Biking Across China, Episode 6: The Crash

Cycling across China solo as a woman. Sound awful? Amazing? Terrifying? It’s all of those.

Xining to Lanzhou
西宁 – 兰州

220km // 3 days

I set off from Xining as soon as I woke up, aiming to ride as far as I could towards Lanzhou in a day. The total distance was 220km, and my map told me the majority of it would be blissfully downhill. Maybe I could make it in two days’ hard riding.

The single road that led there – the G109 – did indeed snake mostly downhill, alongside a gushing rust-coloured river and steep, attractive mountains, threading through village after village in one long line.

Rust-coloured rivers and steep, attractive mountains

Instead of the smooth helter-skelter ride I had imagined, however, it was a frustrating mixture of paved road and dirt track and rotated between the two with a bizarre regularity.

Like clockwork, 200 metres of smooth tarmac would be followed by a cheerful yellow sign telling me to “proceed slowly, roadworks ahead”, and then the road would turn into 200 metres of uneven mud. 

I passed through this cycle dozens of times, trying to thank my lucky stars that it was at least downhill as I stood up on the pedals to save my sore backside from the worst of the bounces. Aren’t G roads supposed to be one step down from a highway? How on earth had this end result of semi-road been reached? Had some administrative cockup led to only half of the necessary materials being delivered, leaving a decision between a checkerboard road or no road at all?

The sorry state of the tarmac didn’t stop freight trucks and – unbelievably – public buses from thundering by. They bounced past, engines roaring, crunching mud and rocks under heavy wheels and caking themselves and everything in a three meter radius in thick dust. What the hell were they doing here, making life difficult for everybody?

I peered in at one of the drivers of the public buses, catching sight of a tired, frustrated face, tensed with the effort of trying to control the wheel.
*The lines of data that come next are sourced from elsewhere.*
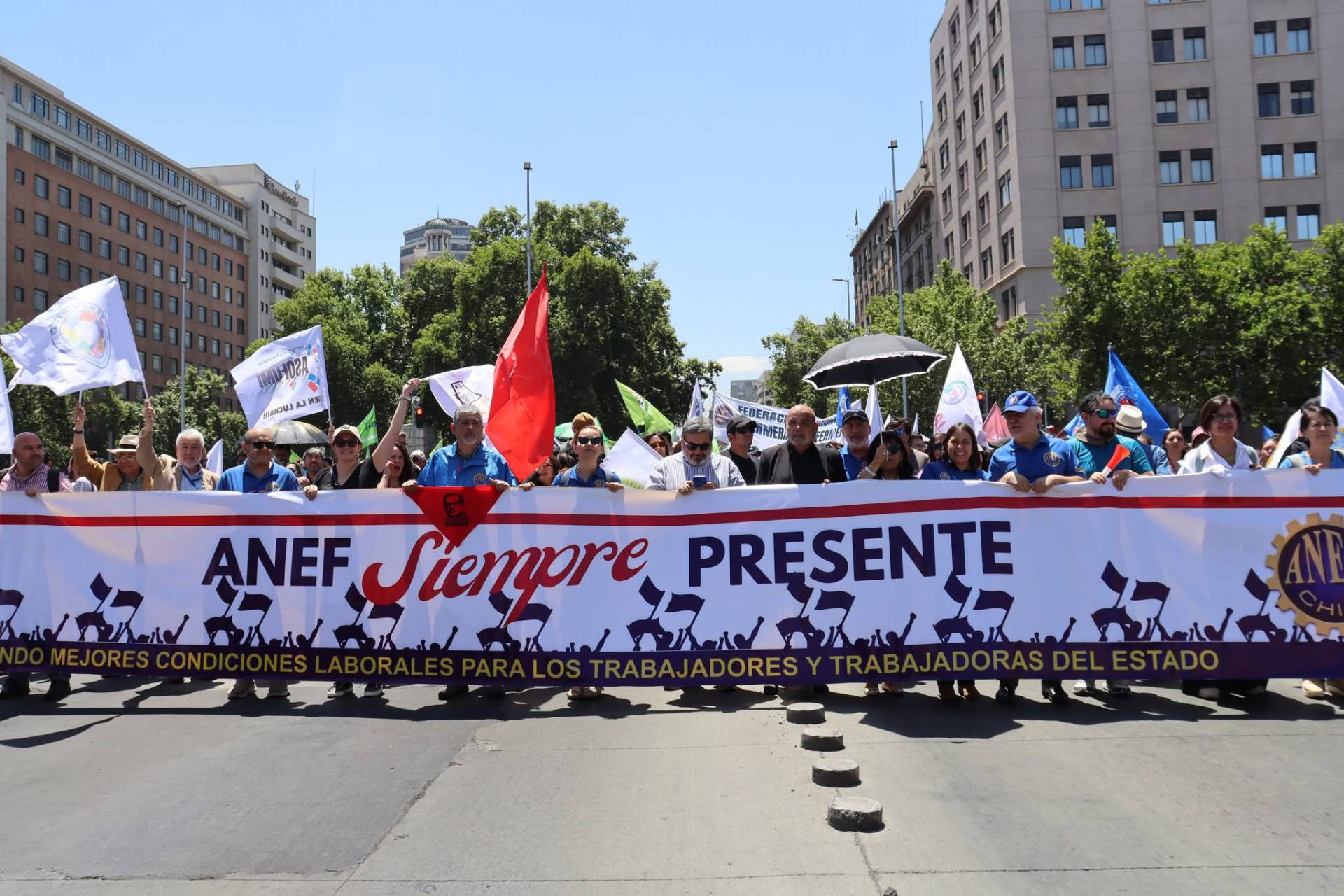 Trabajadores del SERNAC inician huelga denunciando acoso laboral y precariedad en condiciones de trabajo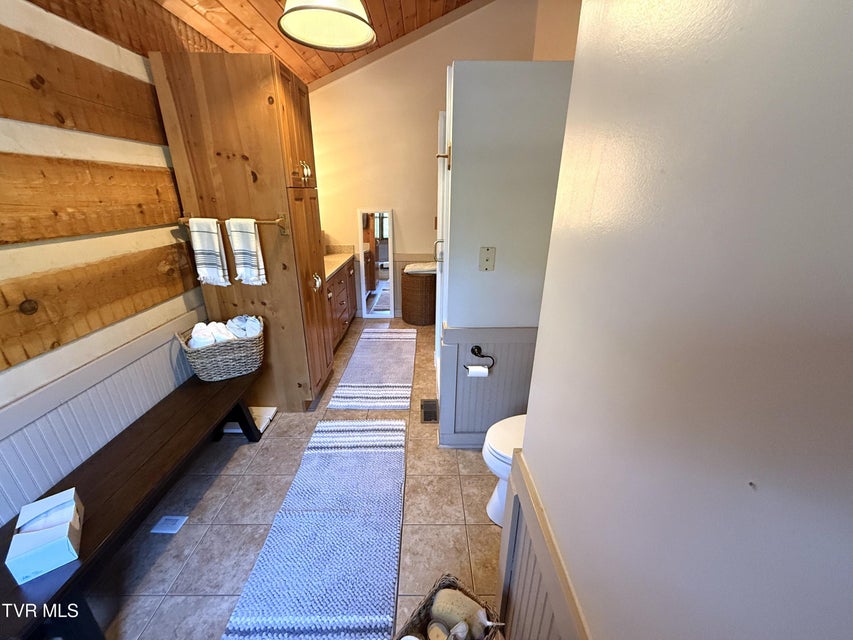 Photo #22: 990 Luna Way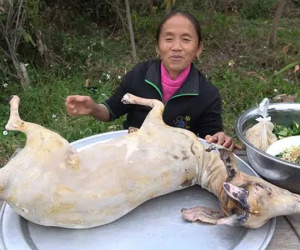 'Mở bát' năm mới bằng chú dê nướng nguyên con nhưng bà Tân lại bất ngờ bị soi một chi tiết không nên đưa lên sóng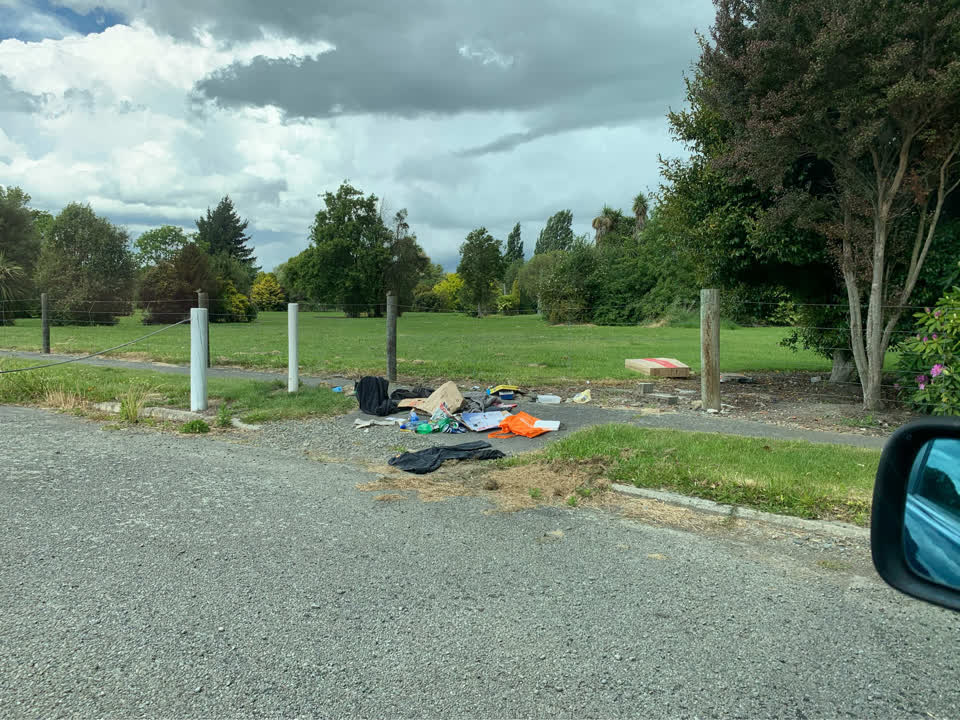 The photograph attached to this rubbish/recycling report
There must be no other road.

My annoyance evaporated, replaced with empathy and gratitude for China’s work-around attitude to roadworks. In the UK, an unfinished road would be completely closed without question. Marginally safer, perhaps, but if they closed this road, everyone here would have to find a potentially far longer and certainly mountainous route around. In this light, the bounces suddenly didn’t seem so unbearable.

Occasionally the sound of something like bagpipes or an oboe floated through the air, which a roadside apple seller told me was a traditional instrument called a shēng. He seemed less impressed by it than I was. 

“They never shut up,” he grumbled. “Here, you don’t have to pay me for those apples. One or two is nothing. You’re a foreign friend after all.” He eyed the sky. “What are you going to do if it rains?”

“Get wet,” I grinned. “It’s not too far to Lanzhou, anyway.”

The Storm

I rode for 90 kilometres, through tiny villages with simple names like Garlic Village and Ginger Bankside. My fingernails collected grime, turning the same dirty orange colour as the Yellow River tributary that ran swiftly in the gorge on my left, running parallel to the road. 

The Yellow River outside Xining

Dust was a defining characteristic of the landscape, thrown into the air by traffic and rural metal ore mines. Everything was coloured like a mellow late summer palette: the earth, the river, the road, people’s clothes and skin.

Along one stretch of dirt track, a relatively new-looking petrol station perched impossibly on the edge of the gorge. How on earth could they have built that using this road? I wondered briefly, before reasoning that the tarmac’s current state was most likely a very recent phenomenon.

It’s normal for entire roads in Chinese cities to be torn up and resurfaced in a matter of days. Maybe this was one of the ways the local government had tried to keep construction companies occupied, dishing out projects and tearing up towns like a child playing with Lego.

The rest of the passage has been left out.